La présidente de Solidarité rurale du Québec n’a pas froid aux yeux. Heureusement. La coalition qui fête ses vingt ans cette année contemple avec perplexité les cadeaux du présent : gaz de schiste, pétrole, mines, crise forestière, crise agricole, crise des institutions démocratiques, le tout emballé dans un papier parfumé d’indifférence.
«Tout ce que les ruraux ont obtenu au fil des ans, ils l’ont obtenu à force de batailles. Il n’y a jamais eu de cadeau», confie-t-elle. Lucide et déterminée, c’est sur une expérience de militantisme à la dure qu’elle fonde son idéalisme. Claire Bolduc inspire une force tranquille qui rappelle les Chartrand qui ont fait l’histoire du Québec.
Solidarité rurale, une coalition
D’entrée de jeu, elle rappelle le vaste mouvement collectif qui a donné naissance à Solidarité rurale en 1991, sous le leadership de Jacques Proulx. «On perdait entre 30 et 50 fermes par semaine, et ils se sont aperçus que c’était la ruralité au complet qui était en difficulté.»

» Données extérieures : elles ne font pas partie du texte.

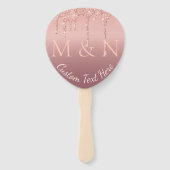 Bindtekst Roos Gold Blush Glitter Hand Fan Handwaaier (Voorkant)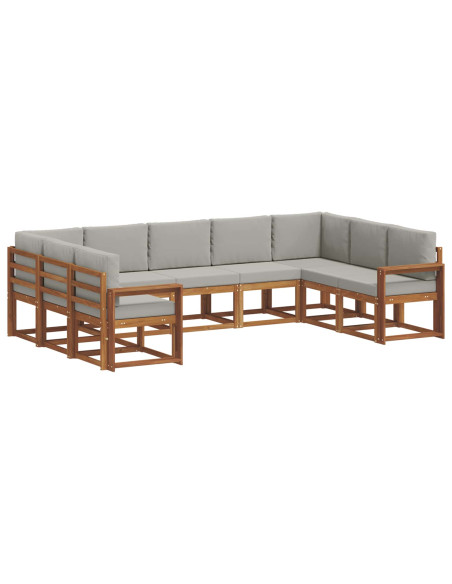 Set di divani con cuscino 9 pcs Grigio Naturale e Chiaro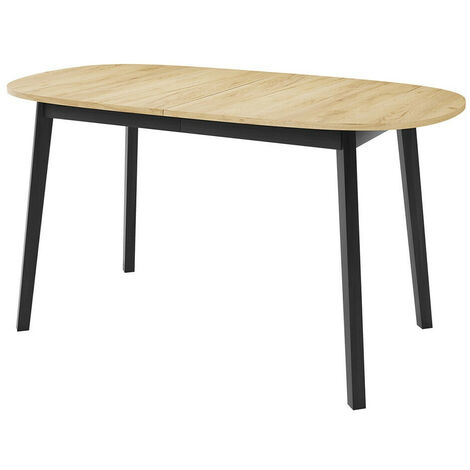 Mesa Edmond 114, Roble dorado artesanal + Negro, 77x80x150cm, Alargamiento, Aglomerado laminado, Madera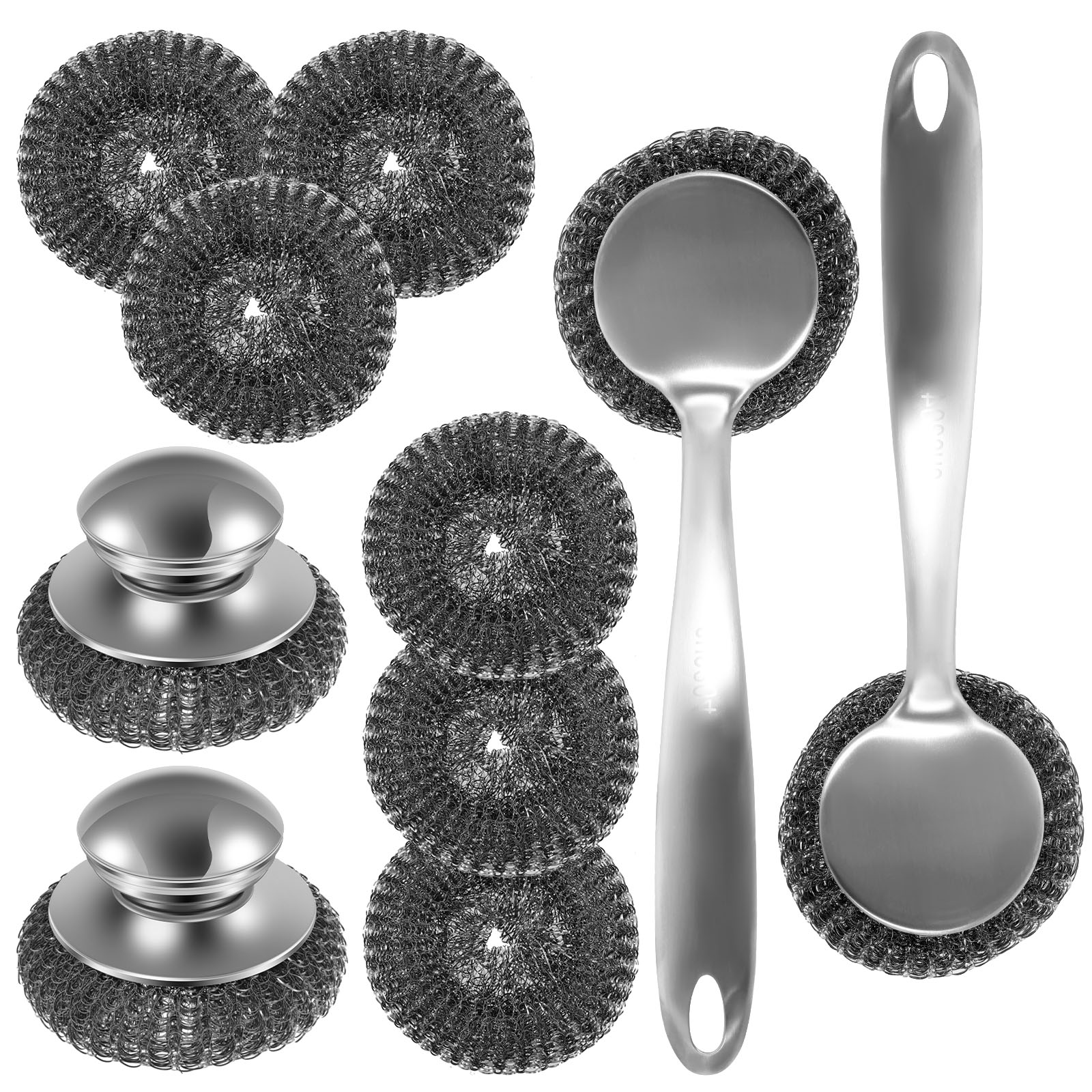 5/10 Stuks Staaldraad Bal Pot Borstel Lange Steel Keuken Gerechten Scrubber Sterke Decontaminatie Roest Verwijderen Gebruiksvoorwerpen Schoonmaken tool: Black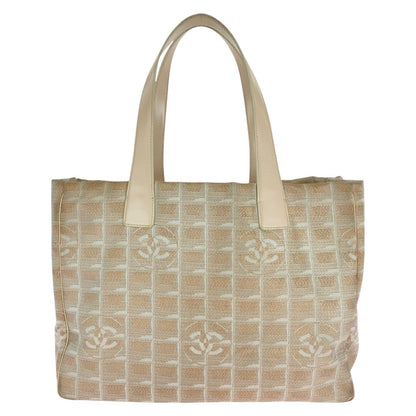 CHANEL Tote Bag canvas Pink Beige SilverMetal New travel line COCO Mark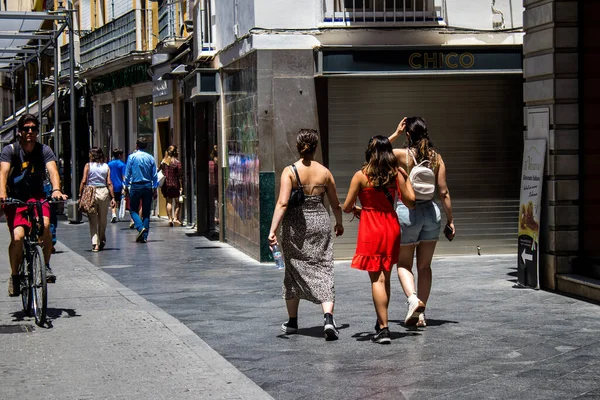 Seville Spain July 2022 Pedestrians Shopping Main Commercial Street Seville — ストック写真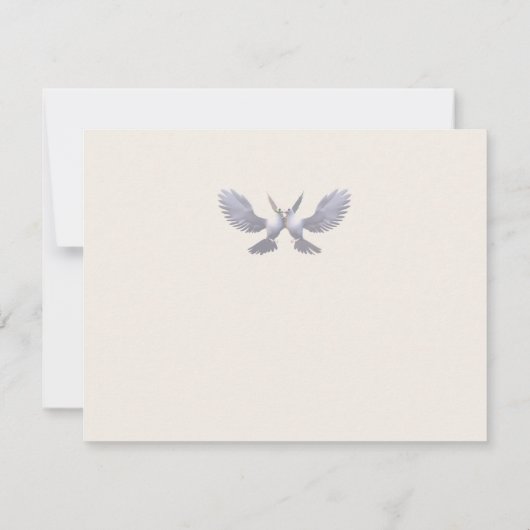 ヴィンテージ結婚カソリックのリハーサル招待状 サンキューカード (裏面)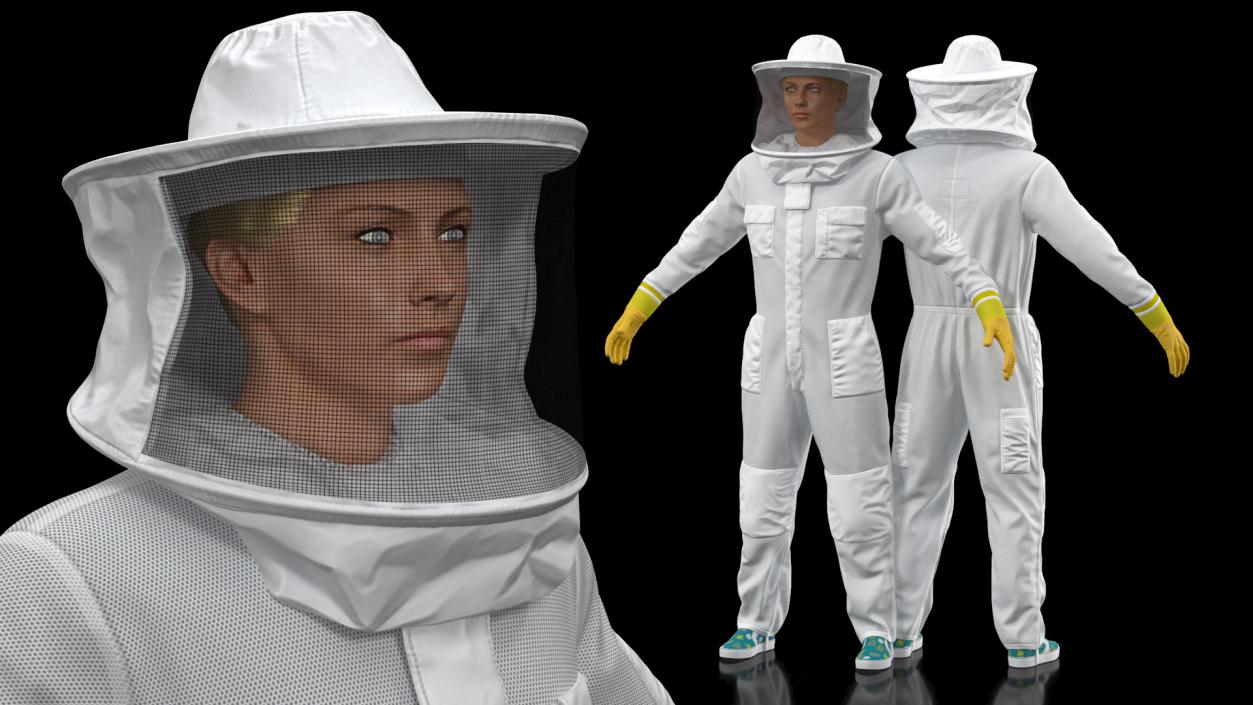 3D model Woman Beekeeper in Suit T Pose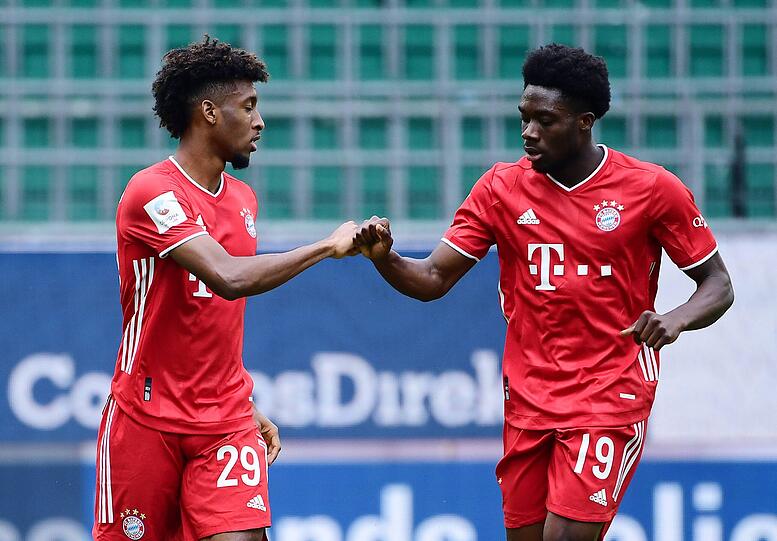 Können gegen Barcelona auflaufen: Kingsley Coman und Alphonso Davies.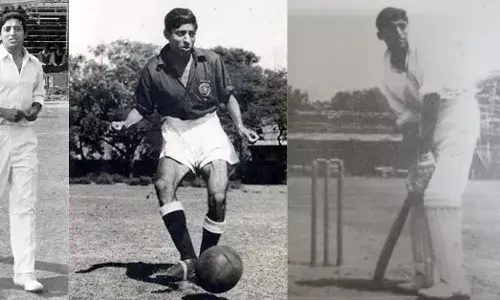 Chunni Goswami representing India in Cricket and Football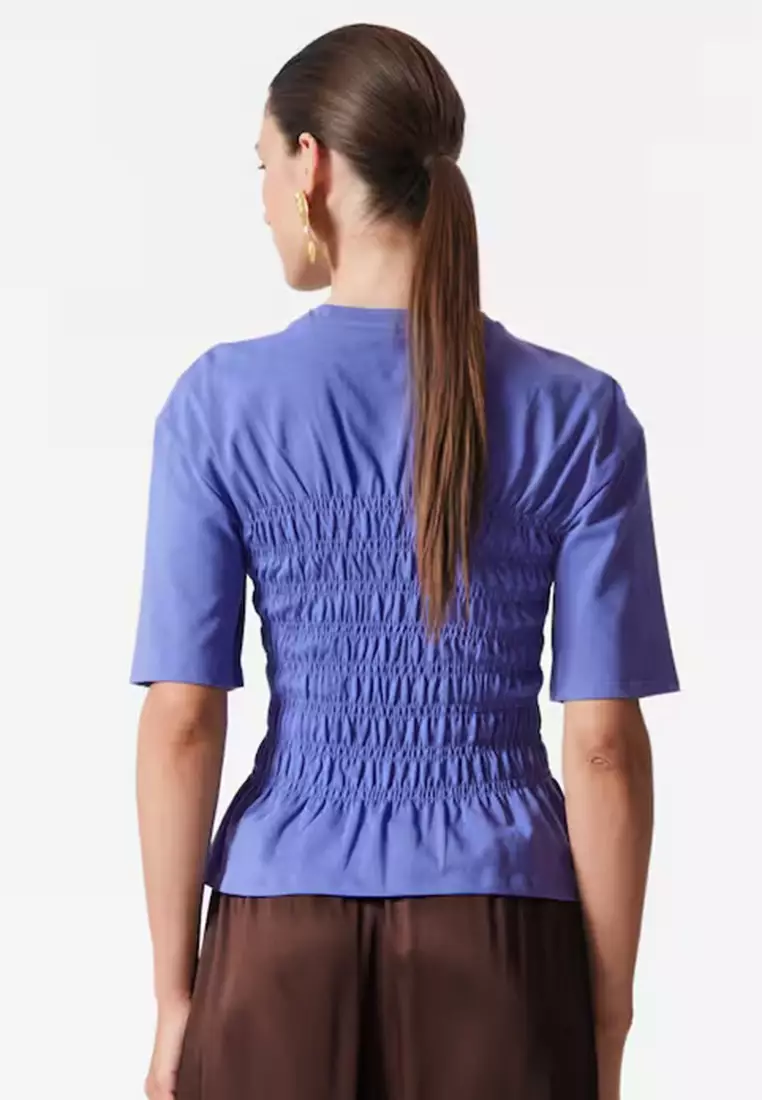 Smocked Crewneck Top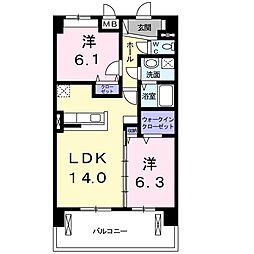 アルドール橿原 3階2LDKの間取り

Réunis lors des États généraux du Monde rural, des organisations variées, allant du Mouvement Desjardins à l’Union des producteurs agricoles (UPA), en passant par les commissions scolaires, ont adopté la Déclaration du monde rural et fondé la coalition Solidarité rurale du Québec.
Puis il y a eu la bataille pour le maintien des bureaux de poste de village, la bataille pour le maintien des petites écoles et pour la diversification de l’économie rurale. «Dans un contexte où on parlait de mondialisation, de globalisation, de production de masse, Solidarité rurale s’est mis à parler de produits du terroir, de produits distinctifs, de produits de niche.»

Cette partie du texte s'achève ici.